I remember thinking, "Don't pat me on the head, you don't know I'm
about," and I was like 8. Kids are so in tune. They can read
people.
DID YOU EVER WISH YOU COULD JUST HANG OUT AND PLAY LIKE A
NORMAL KID?
No, because when I started working it was all a game anyway.
After about two years of working, my brain just went into adult mode and
I never missed playing. I didn't play. I read books. I went to museums.
I saw art films. I hung out with adults and that's who I enjoyed being
with. My mom did get a little worried and tried to put me in high
school. She dropped me into North America out of Paris living on my own.
She wanted me to make friends my own age and I had nothing to talk to
them about. I walked into the hall smoking with a coffee going
"What's going on here?" and they started yelling at me and I'm
dyslexic as well.

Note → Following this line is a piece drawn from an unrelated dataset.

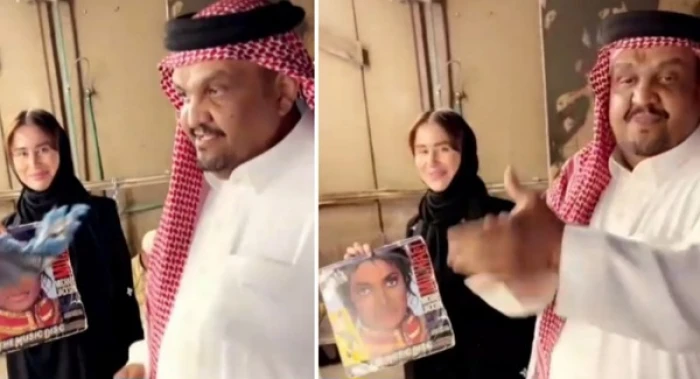 بالفيديو.. شلقم يرقص مع سائحة روسية على موسيقى "جست بيرت" لـ"مايكل جاكسون" داخل سوق الزل بالرياض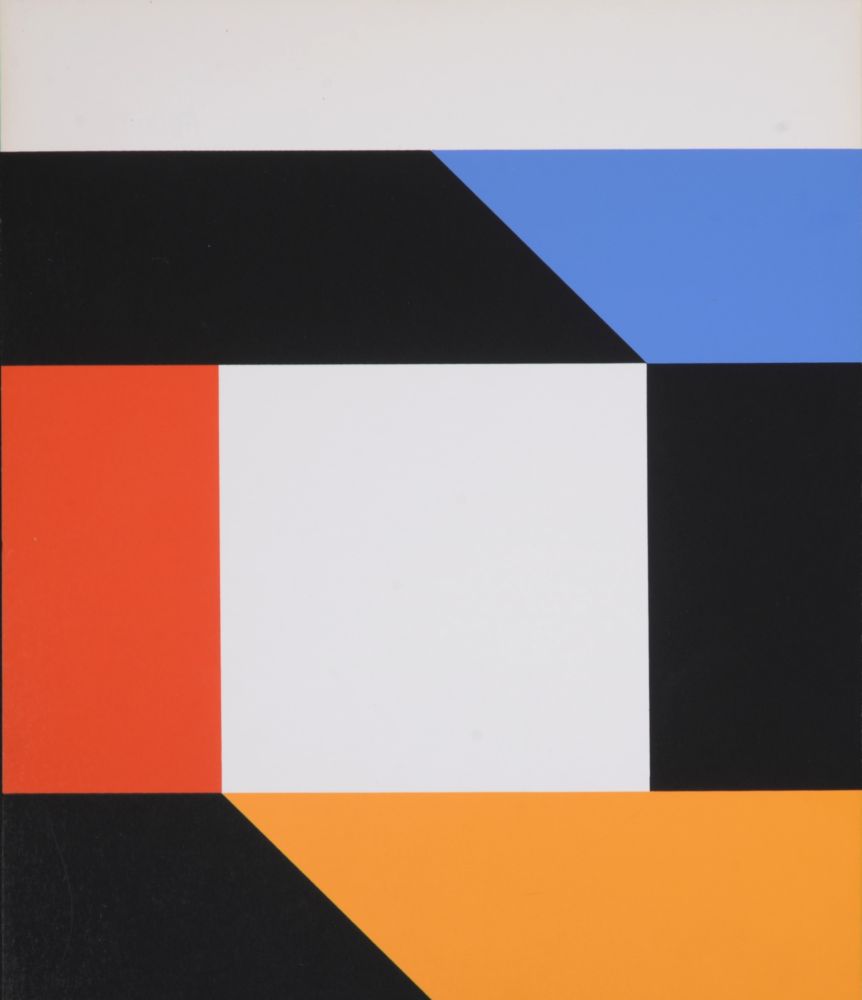 Serigrafia Bill - Abstract composition, 1971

I write sentences backwards when I'm not paying
attention and I can't multiply or divide and they told me I was stupid.
I was like, "No wonder everyone drops out."
IN THE NEW FILM, "IMAGINARY CRIMES," HARVEY KEITEL
PLAYS YOUR FATHER IN THE FILM. WHAT'S HE LIKE?
Harvey literally becomes another human being. My greatest fear
is that I'll play myself one day, that I'll watch myself and go, that's
me. I'd quit the industry and never act again.
DID YOU KNOW YOUR FATHER AT ALL?
I met him a few years ago. It's like "Hi, nice to meet
you. You're my dad." I love him but I don't know him. I have no
resentment. Its just he wasn't there and that's just the way it is. He
was busy and I understand. I mean, if I had a kid right now, and my
boyfriend met some other girl and took off, that's just the way it goes
and you're left with a child. That's just the way it was.
YOUR CHARACTER WRITES SHORT STORIES TO ESCAPE. DO YOU LIKE TO
WRITE?
I write like a maniac. I have this big black book that's
falling apart and I write a lot of music, songs, poetry. I draw in it.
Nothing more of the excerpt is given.